Симфония в звуке приветствуется; симфония в цвете отвергается. Почему эта дискриминация в пользу уха и против глаза?

Во всем этом нет никакой причины, кроме чрезмерного эгоизма. Художник-интриган на родине, поддерживаемый коммерчески управляемым художественным учреждением, дает о себе знать в палатах Вашингтона, где устанавливаются тарифы, и живопись и скульптура исключаются из списка беспошлинных товаров и помещаются среди горшков и чайников торговли.

Где же поэт и где же музыкант в этом распределении преимуществ? Почему американская поэзия и американская музыка должны быть оставлены конкурировать со всем миром, в то время как американская живопись и американская скульптура должным образом поощряются тарифом в двадцать процентов? — цифра, установленная, несомненно, как и оправдание, чтобы компенсировать разницу в заработной плате, — нищий труд Европы, нищие художники. Увы! слишком верно; закройте доступ бродягам, чтобы их аристократические американские собратья, проживающие на родине, могли поддерживать свой «уровень жизни».

Из всех народов на земном шаре, высоких и низких, цивилизованных и диких, есть только один, который препятствует ввозу прекрасного, и этот народ оказывается самым молодым и самым богатым из всех — тем, который больше всего нуждается в том, что он намеренно исключает.

Несмотря на все эти причины не приезжать, у него было огромное желание посетить эту страну, и в письмах друзьям на этой стороне он снова и снова выражал свое твердое намерение приехать следующим летом или зимой, в зависимости от сезона. Смерть миссис Уистлер около шести лет назад и его собственное плохое здоровье помешали этому, — но недостатка в желании не было.

Как ни странно, он действительно сел на парусное судно до Южной Америки еще в шестидесятых годах и, находясь там, написал «Сумерки в телесных тонах и зеленом; Вальпараисо» и «Ноктюрн в синем и золотом; Вальпараисо».

Говоря о путешествии, он сказал:

«Я отправился на медленном парусном судне, будучи единственным пассажиром. Во время плавания я сделал довольно много набросков и написал один или два морских пейзажа — довольно неплохие вещи, как я тогда думал. Прибыв в порт, я отдал их помощнику капитана, чтобы он

отвез их обратно в Англию для меня. По возвращении, некоторое время спустя, я не нашел свертка и начал расспрашивать о помощнике капитана. Он сменил корабль и исчез совсем. Прошло много лет, когда однажды друг, посещая мою студию, сказал:

«Кстати, я видел несколько твоих морских пейзажей в самом странном месте, какое только можно себе представить».
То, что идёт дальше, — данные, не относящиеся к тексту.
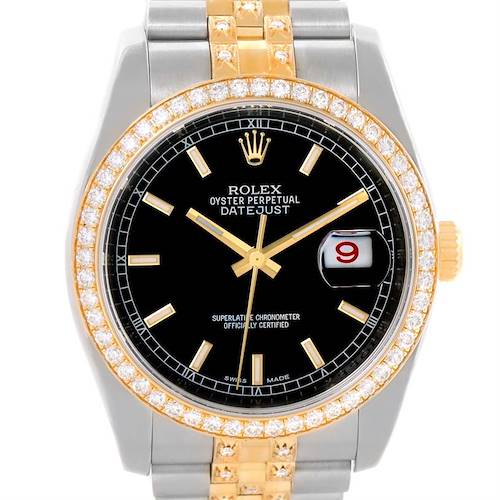 This image displays the front view of a Rolex Datejust 116243 Men's Stainless Steel Black Dial 116243 Men's Stainless Steel Black Dial, showcasing its black dial, gold bezel with diamonds, and metal bracelet.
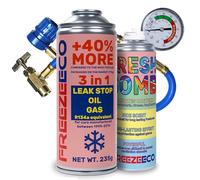 FREEZECO R134a - Recambio de refrigerante 3 en 1 para llenado de aire acondicionado para automóviles 1995 - 2016, 235 g + manguera de presión con manómetro + bomba refresadora de 136 g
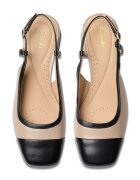 Clarks Кожени обувки с отворена пета и масивен ток Черен/Бежов
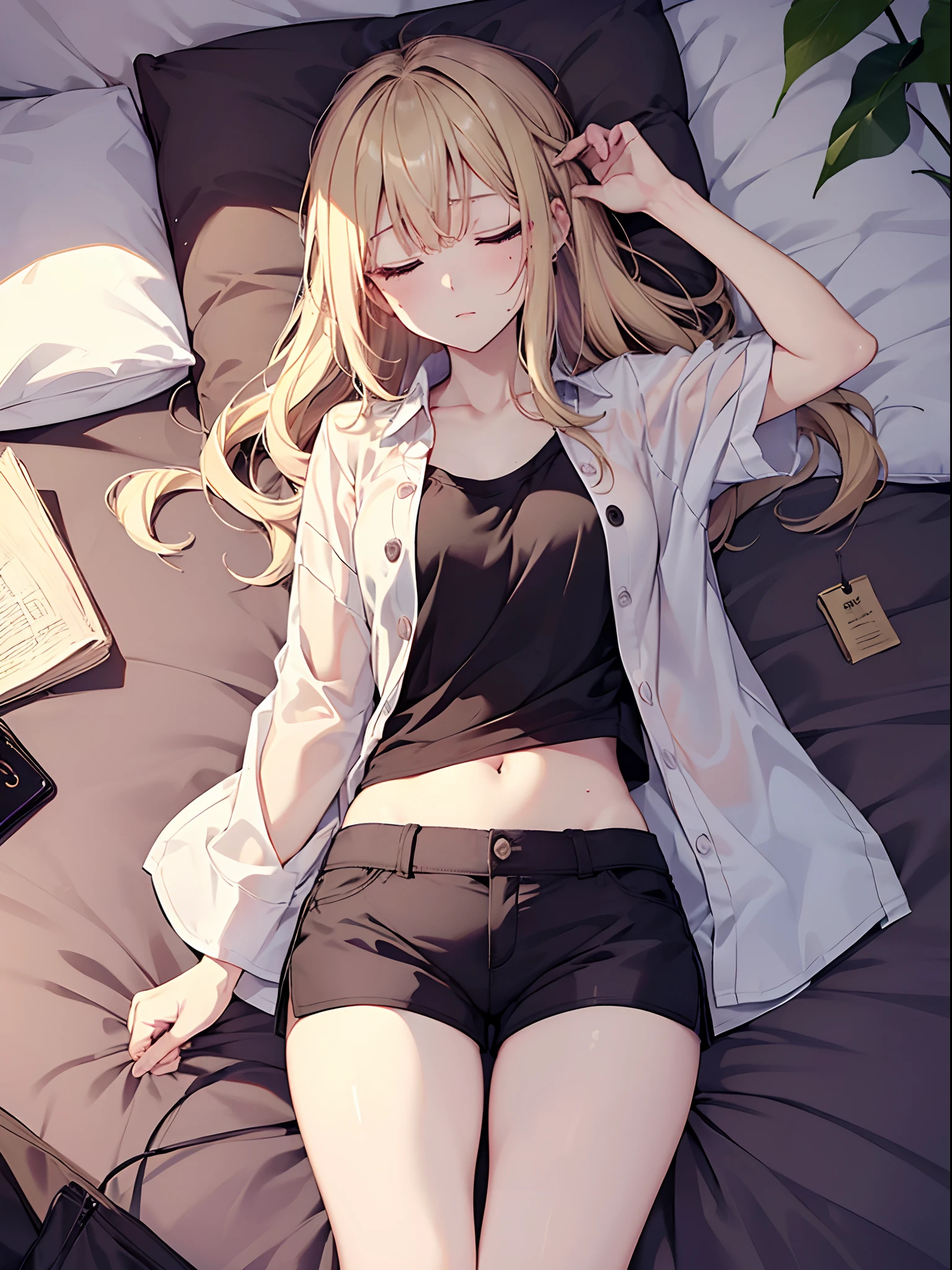 Very detailed、(8k, RAW Photos, highest quality, masterpiece:1.2), (Very detailed 8k wallpaper),figure、Professional Lighting,Sharp focus, Depth of written boundary、、Clear Eyes、Perfect Anatomy、With a girl、12 years old、、,、(Plump thighs:1.2)、、、pov 、T-Shirts、White panties、Denim mini skirt、、Lying in bed、(Leg spread:1.5)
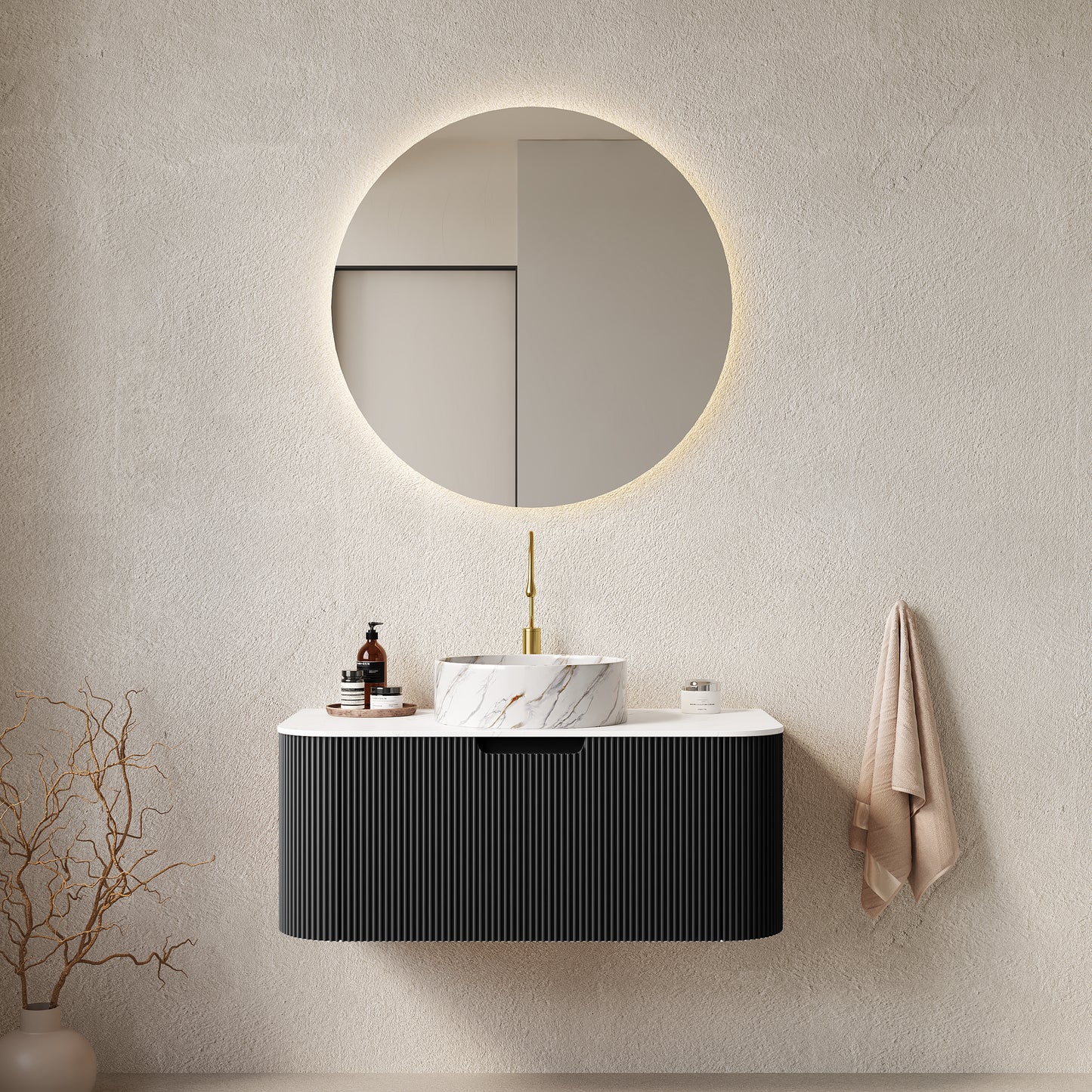 DINA 36' Bathroom Vanity with Sink, Wall-Mounted Floating Curved Edges Striped Bathroom Storage Cabinet with Drawer, White Round Ceramic Basin with Stone Pattern, Pre-assembled, Black Color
«Где?» — спросил я, пораженный.

«Я случайно зашел в комнату старого парня, который когда-то был помощником капитана на южноамериканском корабле, и, разговаривая с ним, увидел приколотые к стене несколько набросков, которые я узнал как твои. Я внимательно посмотрел на них и спросил этого парня, где он их взял».

«"О, эти вещи", — сказал он; "да, один парень, который однажды плыл с нами, нарисовал их на борту, на скорую руку, и отдал мне. Не стоят многого, правда?"»
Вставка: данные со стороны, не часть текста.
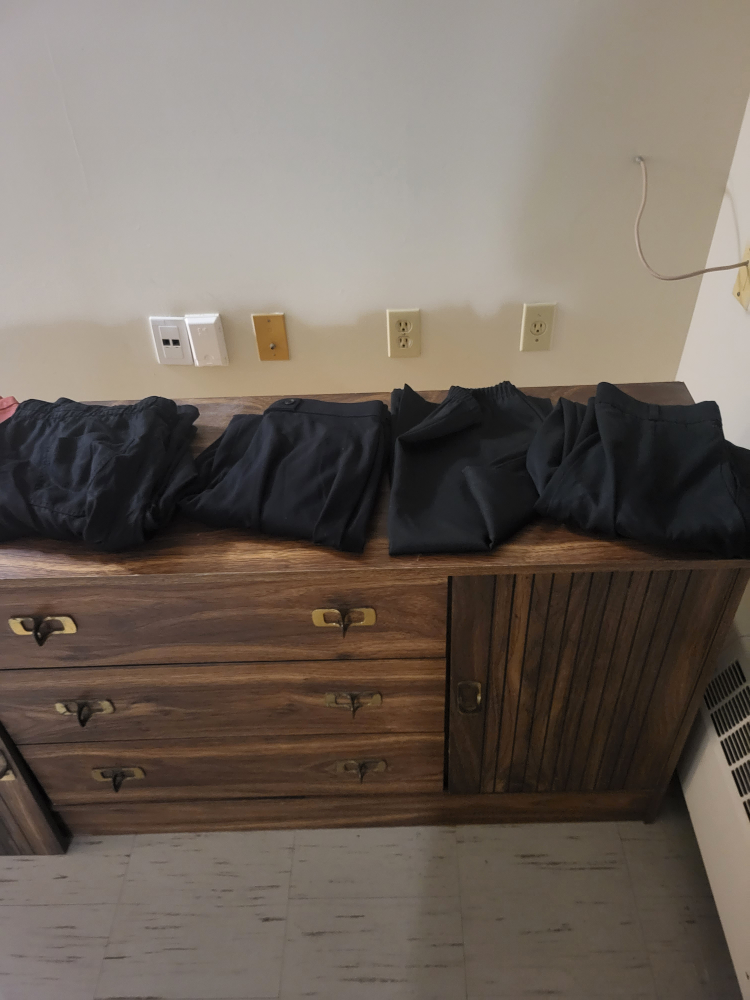 3 pairs black pants, 1 black skirt. thumbnail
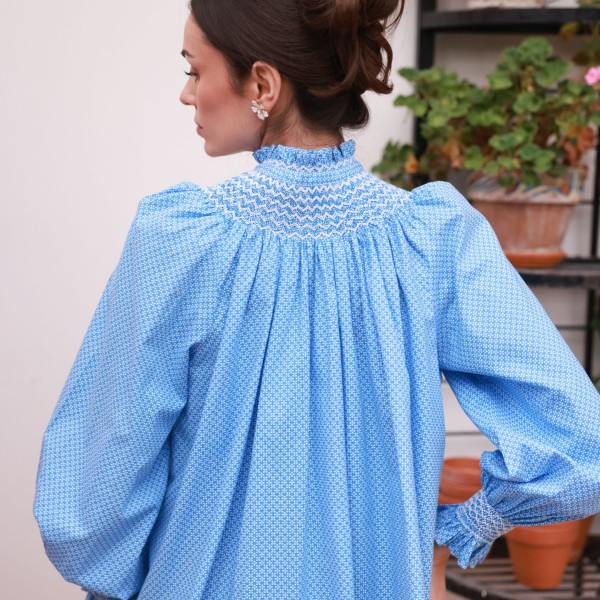 Pom x Smock London Scholl Blouse Paperwhite Ditsy with Snowdrop Hand Smocking Edition 61 Pom x Smock London Scholl Blouse Paperwhite Ditsy with Snowdrop Hand Smocking Edition 61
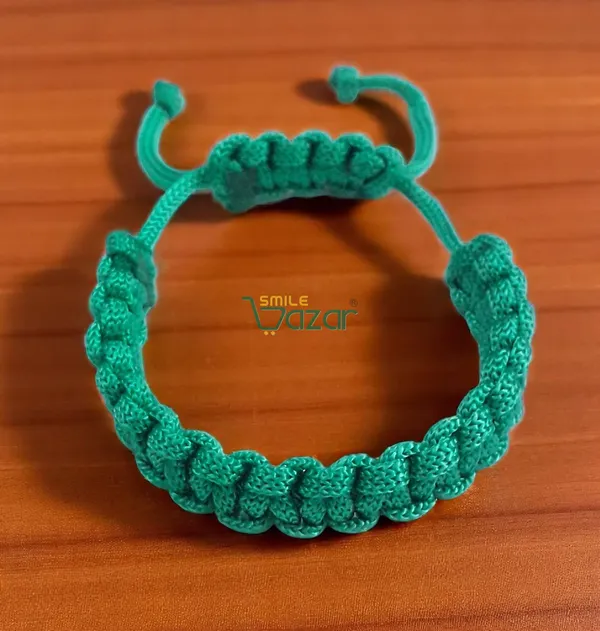 TEAL_COLOUR_HANDMADE__BRACELET_ADJUSTABLE_WRISTBAND_BRACELET_FRIENDSHIP_BAND_FOR_WOMEN_AND_MEN_SKIN_FRIENDLY_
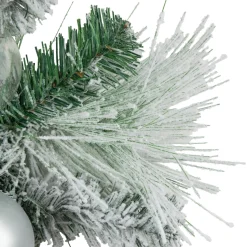 6' Flocked Pine Artificial Christmas Garland With Iridescent Ornaments, Unlit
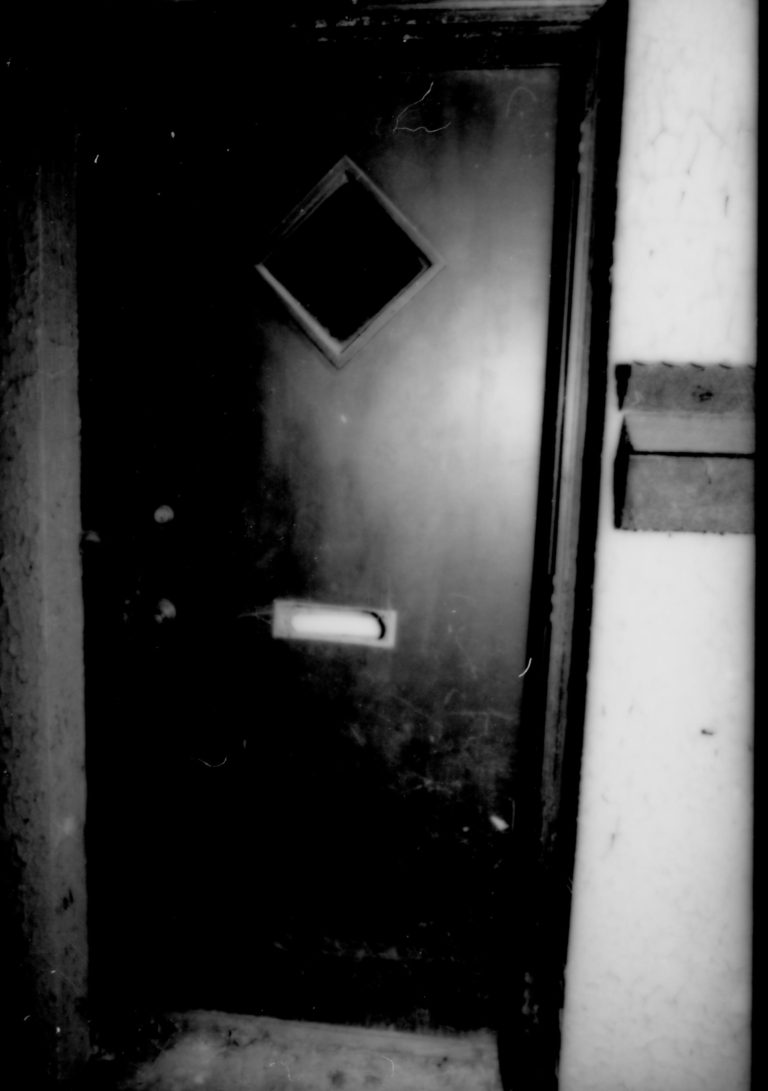 Purpose: Document existing conditions before major removals begin; Stuve House, basement, exterior west entrance, under first floor west entrance, west wall, door detail Lincoln Home NHS- Stuve House HS-05-007A, exp 5 Stuve House, removals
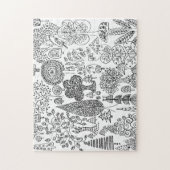 Modernes Dekorationsmuster in Schwarz und Weiß Puzzle (Vertikal)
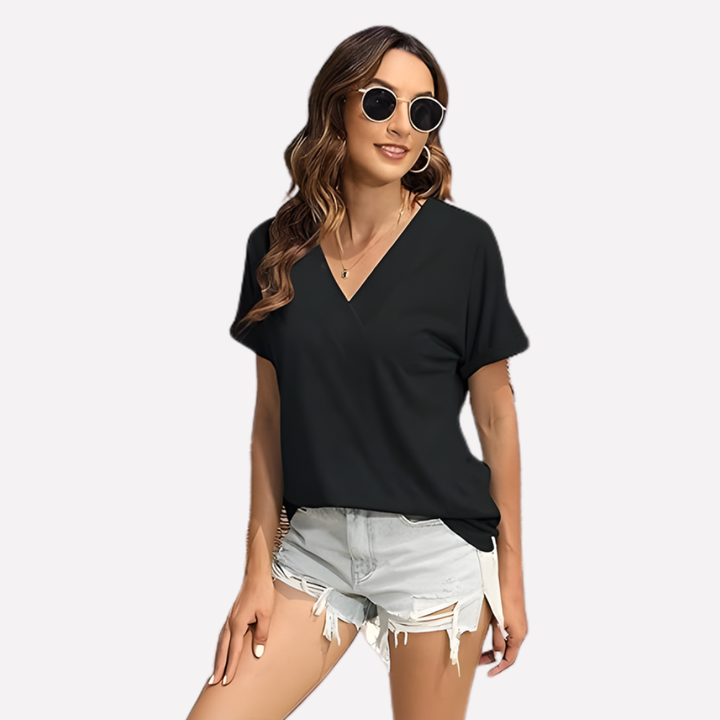Vrouwen V‑Hals Korte Mouwen T-shirt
«"Да ты что, человек, это же работы Уистлера"».

«"Уистлер", — сказал он безучастно. "Кто такой Уистлер?"»

«"Да Уистлер, художник — великий живописец"».
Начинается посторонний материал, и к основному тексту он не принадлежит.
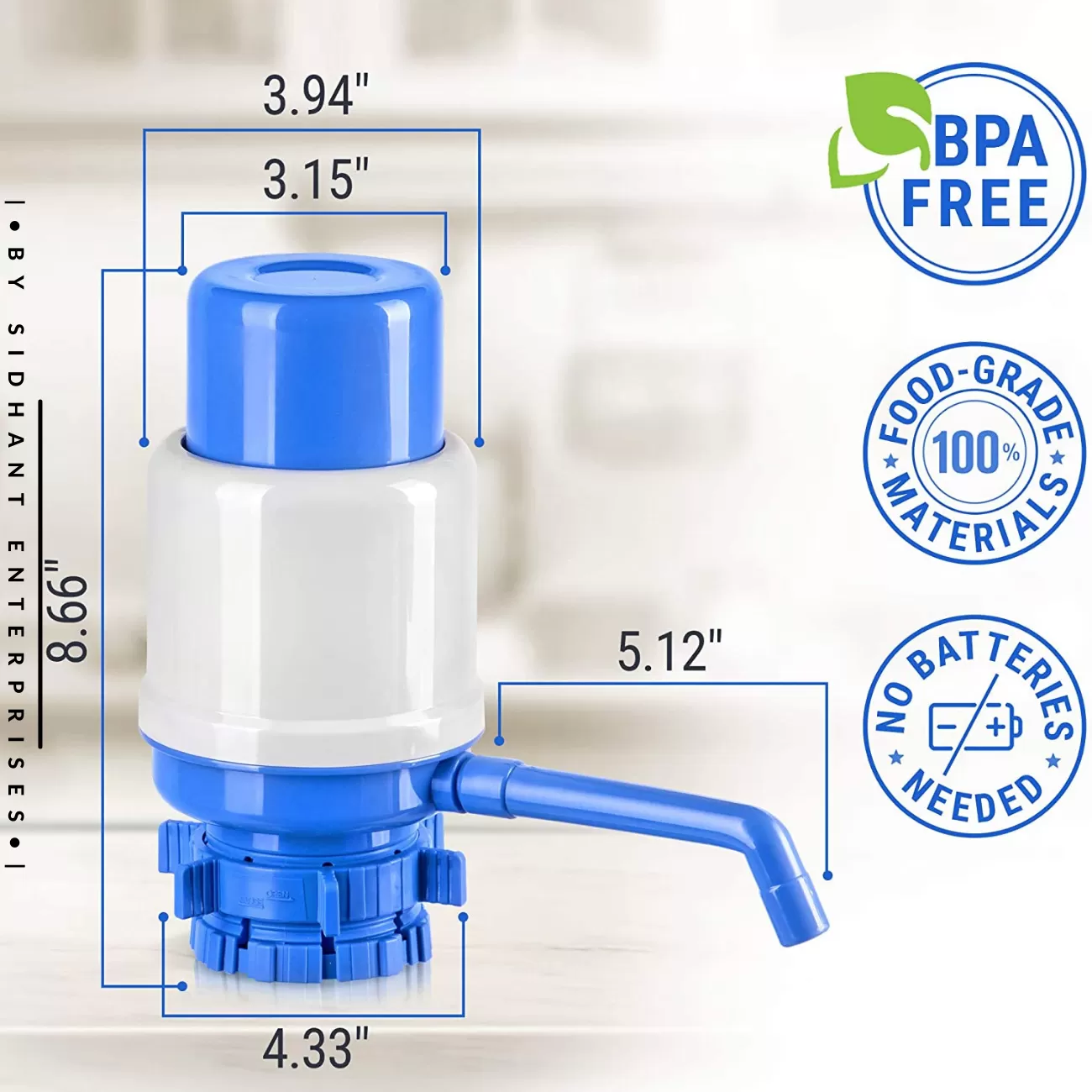 Water Bottles Pump Manual Water Bottle Pump, Easy Drinking Water Pump, Easy Portable Manual Hand Press Dispenser Water Pump Blue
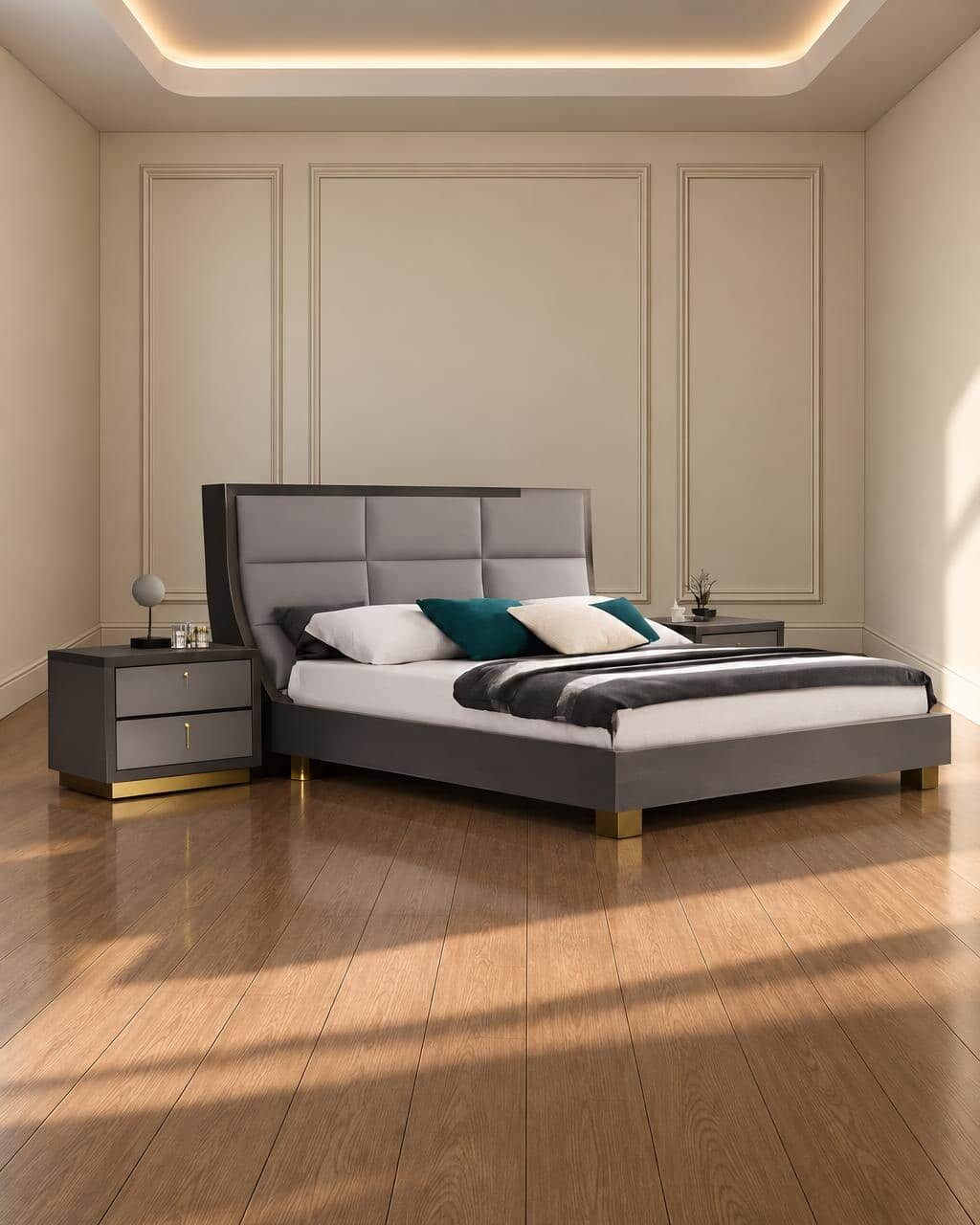 Neko Bed and Nightstand Set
«"Уистлер, Уистлер. Кажется, это было его имя. Но тот парень не был художником. Он был просто франтом, который плыл с капитаном; он думал, что умеет немного рисовать, и отдал мне эти вещи, когда мы добрались до Вальпараисо. Нет, я не хочу их отдавать — ибо, так или иначе, они больше похожи на море, чем настоящие картины"».

Уистлер предпринял несколько попыток найти эти наброски, но безуспешно.

Иллюстрируя свою легкость исполнения, когда поджимало время, он написал «Сумерки в телесных тонах и зеленом», что является большим холстом и одной из его лучших вещей, за один сеанс, подготовив краски заранее до выбранного часа.

Он мог писать с величайшей быстротой, когда находился на открытом воздухе и было важно уловить определенные эффекты света и цвета.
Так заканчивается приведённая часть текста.